Let's put this into numbers. In particular, a big-ass matrix of numbers. Each person gets a row and a column. Every entry in the matrix represents a pair of people- the row-th person and the column-th person. Along the diagonal of the matrix (the cell in the 1st row and 1st column, the cell in the 2nd row and 2nd column... etc) each entry is a pairing of a person with themselves; put their degree there. When the row-th person of a cell is friends with the column-th person, put a -1 in that cell. Otherwise you don't know each other and the cell gets a zero.

This map of influence is ContrariaNet's Laplacian matrix.

This has some interesting dynamics. You post something inflammatory espousing position X; all of your friends post position Y pieces in response. But your friends' friends see all those Y pieces and post their own X responses and the whole network fairly vibrates with activity*.

After ContrariaNet gets really big and maybe leaks data to a secretive propaganda outfit in cahoots with a hostile foreign power everyone decides to eff that noise and go to a different social network, ButActuallist. ButActuallist has the same rules and everything as ContrariaNet, with just two differences:

1. In ContrariaNet, you could friend as many people as you wanted, but in ButActuallist, there's a strict limit on your friend count.
2. ButActuallist lets you assign a "weight" to each friendship that captures exactly how much you are put off by that friend's opinions, on a scale from 0 (who is this person again) to 1 (Cillizza).

Because everyone has far fewer friends than they used to, this migration from ContrariaNet to ButActuallist is called "sparsification".

The theorem they're talking about is that, bizarrely, given a big, dense graph like ContrariaNet, you can reproduce its Laplacian pretty closely when everyone moves over to ButActuallist, despite the austere friend limit. And that friend limit can result in a greatly reduced total number of friendships in the graph, but just having weights on what few friendships remain allows ButActuallist to have the same sort of connectivity characteristics and dynamics.

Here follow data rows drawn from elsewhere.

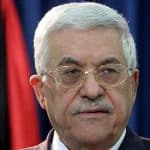Palestinian President Mahmoud Abbas speaks during a press conference on the Palestinian parliamentary elections in Ramallah, January 2006.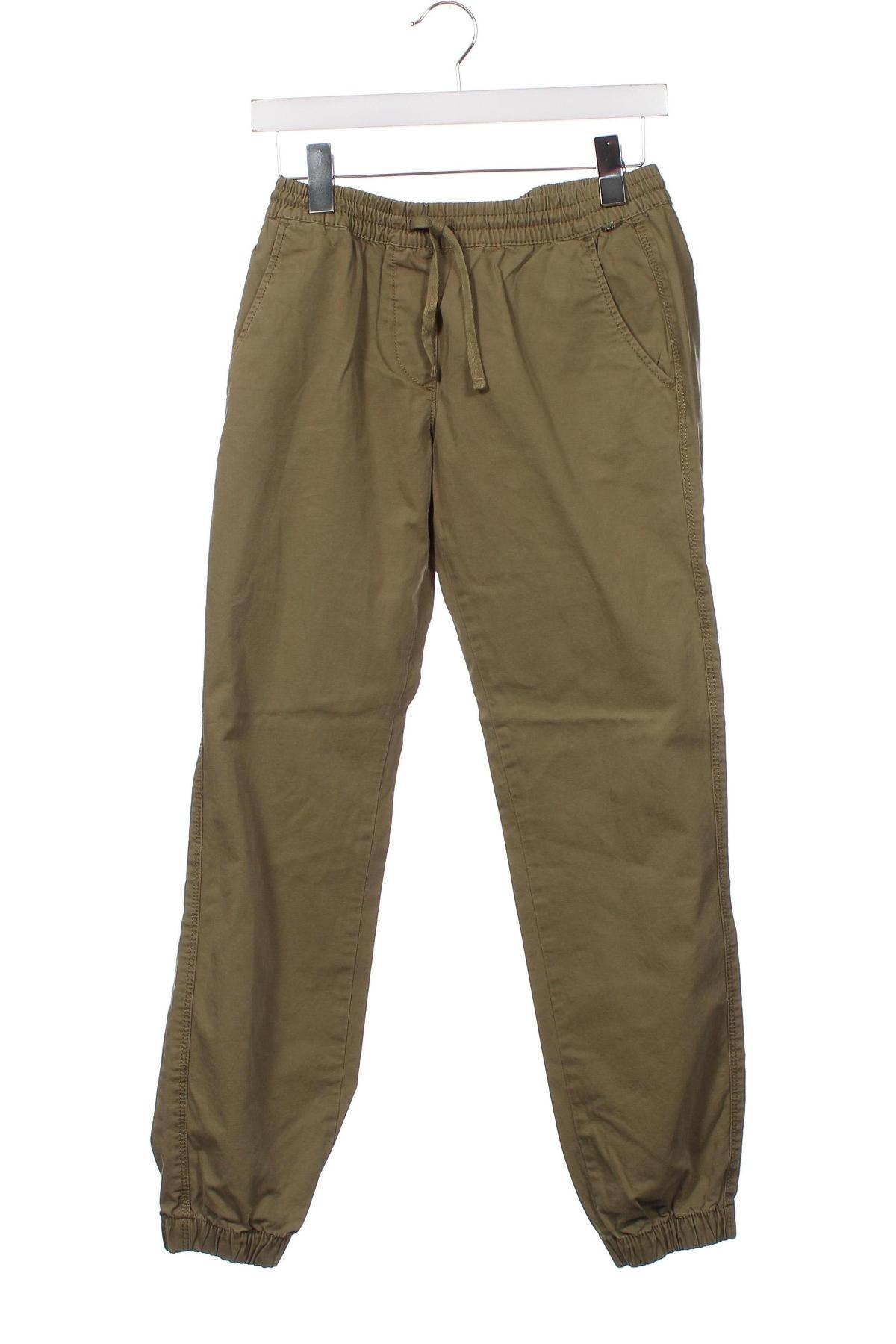 Дамски панталон Napapijri, Размер XS, Цвят Зелен, Цена 61,20 лв.
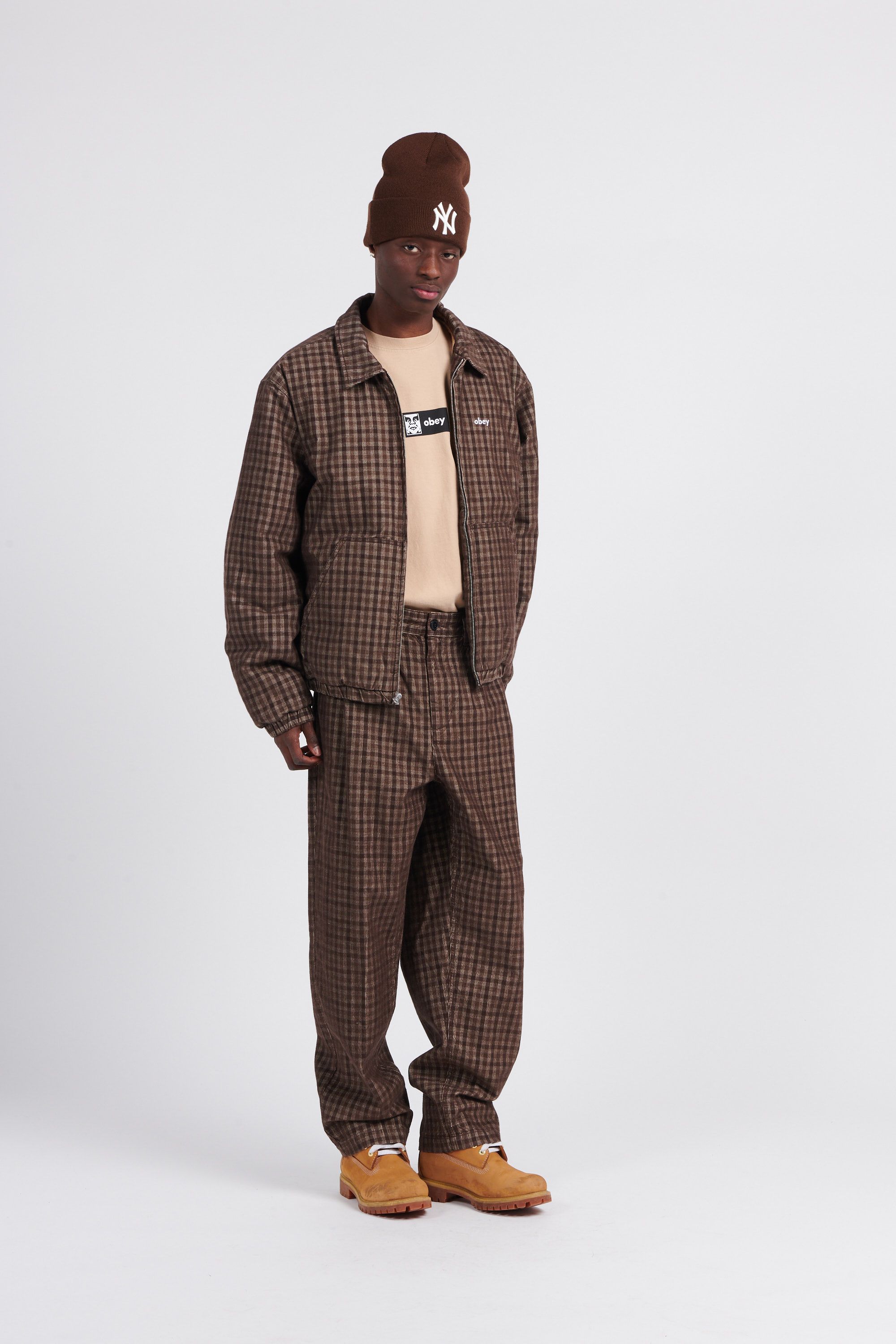 OBEY Veste HARLEM CORD JACKET Multicolore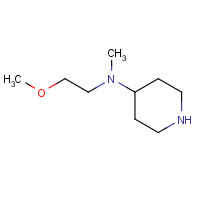 885675-71-8 N-(2-methoxyethyl)-N-methylpiperidin-4-amine chemical structure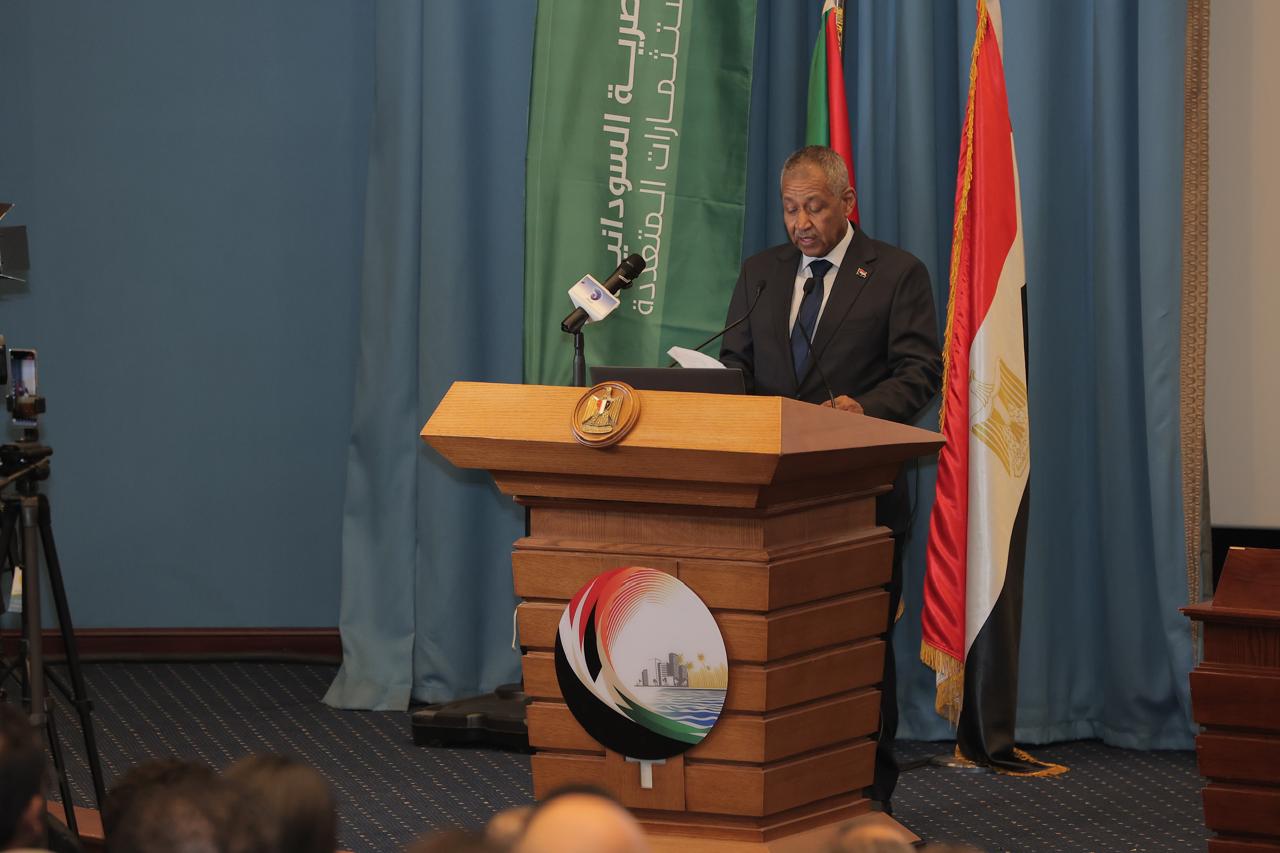 IMG 20251124 WA0012 السفير السوداني لدي القاهرة :؛في الشراكة الاقتصادية والمصرفية لن نجد أقرب أو أمن من مصر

*When people use the word "spectral" in connection with graphs, you can imagine they're treating the graph like a medium along which stuff can propagate. An "eigenvector" of a graph is an allocation of stuff-amounts-per-node that, after you apply the rules of stuff-propagation that you've adopted, will result in proportionally-the-same stuff-amounts-per-node. Maybe the stuff-per-node will grow or shrink or flip negative but it will do so uniformly, by the same amount per node.

The talked-about theorem gives a method for sparsifying a graph (reducing the number of edges) that roughly preserves the eigenvectors of the Laplacian; that is, it roughly preserves which allocations of opinions to people are stable-ish in a social network of contrarians. It also says how the friend limit ties into exactly how accurately the Laplacian is preserved.

Finally, Urschel mentions that the method is cool and beautiful but not computationally useful. Here's why: when you have only a few people, there's not much difference between ContrariaNet and ButActuallist; the friend limit doesn't change much. The technique only gets useful when the networks get huge. But actually going through the work of finding the right weights for ButActuallist takes an amount of time proportional to the cube of the number of people. So if you're like Facebook and you have 3 billion-ish members, your computer has to do (3 billion)*(3 billion)*(3 billion) = 27 octillion steps to find the right weights. A bit much. While the network is nice and easy to work with after sparsification because it has dramatically fewer connections, the actual work of sparsification itself is prohibitively expensive.
posted by Jpfed at 9:49 PM on May 22, 2018 [11 favorites]


Thank you, Jpfed - that was a beautiful explanation!